Remaja Indonesia Suarakan Keadilan Iklim di COP28 Dubai
Erwin dan Nasywa, aktivis muda Indonesia, ikut serta dalam COP28 di Dubai. Mereka mendapat kesempatan untuk menyuarakan aksi iklim dan sosial di Tanah Air.
DUBAI, KOMPAS — Remaja asal Indonesia hadir dalam perhelatan Konferensi Tingkat Tinggi Perubahan Iklim COP28 di Dubai, Uni Emirat Arab. Mereka adalah korban krisis lingkungan yang berani menyuarakan pentingnya keadilan iklim dan sosial di Tanah Air.
COP28 hari ke-8, Jumat (8/12/2023), diselenggarakan sebagai harinya anak muda. Sebagaimana penyelenggaraan COP sebelumnya, anak-anak muda yang telah melakukan aksi nyata untuk lingkungan dan sosial disponsori untuk hadir. ”Partisipasi mereka diharapkan memberi sumbangsih dalam pembuatan kebijakan iklim,” tulis situs resmi COP28.

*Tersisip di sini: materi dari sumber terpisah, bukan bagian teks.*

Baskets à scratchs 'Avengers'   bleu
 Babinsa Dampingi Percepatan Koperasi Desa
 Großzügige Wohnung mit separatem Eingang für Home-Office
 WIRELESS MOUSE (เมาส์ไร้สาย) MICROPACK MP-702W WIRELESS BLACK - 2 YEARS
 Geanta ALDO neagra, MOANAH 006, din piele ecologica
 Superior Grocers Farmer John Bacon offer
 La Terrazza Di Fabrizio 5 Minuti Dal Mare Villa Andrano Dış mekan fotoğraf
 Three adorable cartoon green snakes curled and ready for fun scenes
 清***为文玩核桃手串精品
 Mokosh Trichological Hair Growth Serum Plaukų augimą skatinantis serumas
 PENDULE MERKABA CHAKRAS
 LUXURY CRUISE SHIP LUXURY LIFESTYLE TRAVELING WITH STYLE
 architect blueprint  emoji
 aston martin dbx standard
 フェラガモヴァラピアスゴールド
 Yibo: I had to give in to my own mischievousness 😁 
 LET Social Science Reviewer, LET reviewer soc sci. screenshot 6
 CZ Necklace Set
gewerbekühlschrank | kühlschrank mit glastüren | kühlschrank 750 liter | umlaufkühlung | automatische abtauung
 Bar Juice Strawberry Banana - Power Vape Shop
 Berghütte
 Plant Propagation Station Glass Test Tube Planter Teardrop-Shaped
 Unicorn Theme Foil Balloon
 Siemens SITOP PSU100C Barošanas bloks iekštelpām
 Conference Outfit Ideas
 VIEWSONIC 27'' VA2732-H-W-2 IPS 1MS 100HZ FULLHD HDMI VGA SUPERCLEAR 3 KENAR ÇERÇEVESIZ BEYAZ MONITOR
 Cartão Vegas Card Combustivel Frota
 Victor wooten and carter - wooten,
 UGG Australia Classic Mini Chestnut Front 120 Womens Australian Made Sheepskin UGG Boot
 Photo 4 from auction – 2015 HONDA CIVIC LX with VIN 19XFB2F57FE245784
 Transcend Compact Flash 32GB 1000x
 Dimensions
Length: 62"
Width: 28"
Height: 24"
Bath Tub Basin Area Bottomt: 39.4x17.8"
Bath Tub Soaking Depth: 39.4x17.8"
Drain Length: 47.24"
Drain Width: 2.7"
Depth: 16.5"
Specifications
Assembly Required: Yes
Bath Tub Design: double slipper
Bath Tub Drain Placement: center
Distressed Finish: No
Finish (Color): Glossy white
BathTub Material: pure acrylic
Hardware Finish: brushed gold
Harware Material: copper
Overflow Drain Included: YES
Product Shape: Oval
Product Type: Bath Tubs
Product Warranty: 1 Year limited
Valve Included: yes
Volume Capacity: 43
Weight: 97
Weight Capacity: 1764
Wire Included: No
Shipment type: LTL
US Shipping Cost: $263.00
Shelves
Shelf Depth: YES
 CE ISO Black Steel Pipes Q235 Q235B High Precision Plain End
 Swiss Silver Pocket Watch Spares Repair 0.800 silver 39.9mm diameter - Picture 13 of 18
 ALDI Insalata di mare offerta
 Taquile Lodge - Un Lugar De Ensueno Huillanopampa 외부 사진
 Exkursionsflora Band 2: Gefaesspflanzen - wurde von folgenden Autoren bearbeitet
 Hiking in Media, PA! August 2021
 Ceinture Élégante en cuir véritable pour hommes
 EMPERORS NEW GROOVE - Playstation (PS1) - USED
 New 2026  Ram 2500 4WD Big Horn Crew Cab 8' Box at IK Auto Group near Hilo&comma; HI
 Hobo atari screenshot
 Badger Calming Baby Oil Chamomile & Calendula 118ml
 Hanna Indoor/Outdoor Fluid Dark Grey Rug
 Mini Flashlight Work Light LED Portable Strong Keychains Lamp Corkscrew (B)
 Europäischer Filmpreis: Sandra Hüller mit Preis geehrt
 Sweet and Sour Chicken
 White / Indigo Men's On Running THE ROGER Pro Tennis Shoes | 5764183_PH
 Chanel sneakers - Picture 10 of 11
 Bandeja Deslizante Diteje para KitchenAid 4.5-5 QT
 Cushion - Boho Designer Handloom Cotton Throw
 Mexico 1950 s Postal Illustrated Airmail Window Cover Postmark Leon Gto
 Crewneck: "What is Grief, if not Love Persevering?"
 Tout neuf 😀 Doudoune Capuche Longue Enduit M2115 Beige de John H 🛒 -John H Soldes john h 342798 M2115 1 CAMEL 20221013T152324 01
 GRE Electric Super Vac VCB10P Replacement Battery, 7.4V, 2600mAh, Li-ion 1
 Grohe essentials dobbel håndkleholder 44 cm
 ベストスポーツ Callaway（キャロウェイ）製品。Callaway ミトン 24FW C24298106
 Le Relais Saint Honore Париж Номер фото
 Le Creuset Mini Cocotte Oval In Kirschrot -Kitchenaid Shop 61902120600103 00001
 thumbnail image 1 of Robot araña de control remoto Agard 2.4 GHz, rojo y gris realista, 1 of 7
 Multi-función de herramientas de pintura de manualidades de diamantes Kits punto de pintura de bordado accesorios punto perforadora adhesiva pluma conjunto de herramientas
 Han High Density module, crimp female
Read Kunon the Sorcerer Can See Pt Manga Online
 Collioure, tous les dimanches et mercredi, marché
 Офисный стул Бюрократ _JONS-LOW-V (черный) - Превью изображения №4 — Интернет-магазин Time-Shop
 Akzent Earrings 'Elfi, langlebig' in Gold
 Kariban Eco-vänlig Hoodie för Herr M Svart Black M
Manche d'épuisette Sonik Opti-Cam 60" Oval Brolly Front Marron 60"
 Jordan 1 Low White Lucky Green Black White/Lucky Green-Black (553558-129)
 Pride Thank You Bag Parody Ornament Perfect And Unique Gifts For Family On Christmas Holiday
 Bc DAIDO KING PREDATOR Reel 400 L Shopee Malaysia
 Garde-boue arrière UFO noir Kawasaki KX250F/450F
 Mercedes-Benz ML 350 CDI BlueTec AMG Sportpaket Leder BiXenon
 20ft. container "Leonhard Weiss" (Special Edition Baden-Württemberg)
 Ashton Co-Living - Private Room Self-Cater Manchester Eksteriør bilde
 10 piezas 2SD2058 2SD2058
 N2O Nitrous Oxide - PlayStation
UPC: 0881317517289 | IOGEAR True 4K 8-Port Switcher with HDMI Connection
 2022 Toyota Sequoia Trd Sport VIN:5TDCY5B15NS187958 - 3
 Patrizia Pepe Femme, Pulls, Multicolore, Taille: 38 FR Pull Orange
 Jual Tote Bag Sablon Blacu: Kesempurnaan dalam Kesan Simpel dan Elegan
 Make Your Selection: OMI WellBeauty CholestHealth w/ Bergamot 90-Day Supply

Hari ini, kepresidenan COP28 mengumumkan 100 delegasi muda dari negara tertinggal, negara berkembang pulau kecil, masyarakat adat, dan kelompok minoritas lainnya di seluruh dunia. Mereka tergabung dalam Program Delegasi Iklim Pemuda Internasional dan akan menjadi pengamat dalam panel-panel diskusi kebijakan iklim setidaknya hingga COP28 berakhir. Mereka juga bisa menyuarakan pesan dan tanggapan lewat organisasi yang mewadahi mereka nantinya.
Seorang perwakilan anak muda dari Indonesia pun ada di dalamnya. Dia adalah Erwin Mahendra Eka Saputra (22). Ia disebut sebagai Inisiator Muda untuk Program Aksi Iklim yang sering terlibat dalam tujuh respons kedaruratan bencana. Kompas pernah mewawancarainya pada Mei 2022 lalu. Pemuda asal Bandung, Jawa Barat, itu menggagas program pengurangan risiko bencana berpusat pada anak di Satuan Bhakti Sosial Mahasiswa (SBSM) Poltekesos Bandung.
Melalui program tersebut, Erwin dan kawan-kawan mendorong peningkatan kapasitas dan partisipasi anak dalam pengurangan risiko bencana, tanggap darurat, serta adaptasi perubahan iklim. Di Jabar, seperti Kota Bandung, menurut Erwin, ada sekitar 350 sekolah yang masuk dalam daerah rawan bencana gempa bumi.
”Kami melakukan kampanye dan memobilisasi anak-anak muda lewat media sosial. Dari kampanye itu, sekitar 450 anak muda berpartisipasi dengan menanam bibit mangrove di beberapa tempat. Di kampus saya, anak-anak muda melakukan aksi di sekolah-sekolah terkait bencana, seperti pembuatan jalur evakuasi, pembentukan komunitas siaga bencana. Kami kolaborasi dengan organisasi pemuda,” papar Erwin (Kompas.id, 22/5/2023).
Menurut Bank Dunia, perubahan iklim bisa membuat 100 juta orang masuk ke dalam kemiskinan ekstrem.
Pada Selasa (5/12/2023), perwakilan remaja Indonesia lainnya hadir di COP28. Dia adalah aktivis muda dari Serikat Perempuan Indonesia (Seruni) asal Jambi bernama Nasywa Adivia Wardana (16). Hari itu, ia berbicara dalam satu sesi kegiatan bertajuk Young and Fearless: The Powerful Voices of Young Women Environmental Right Defenders di paviliun perempuan dan jender.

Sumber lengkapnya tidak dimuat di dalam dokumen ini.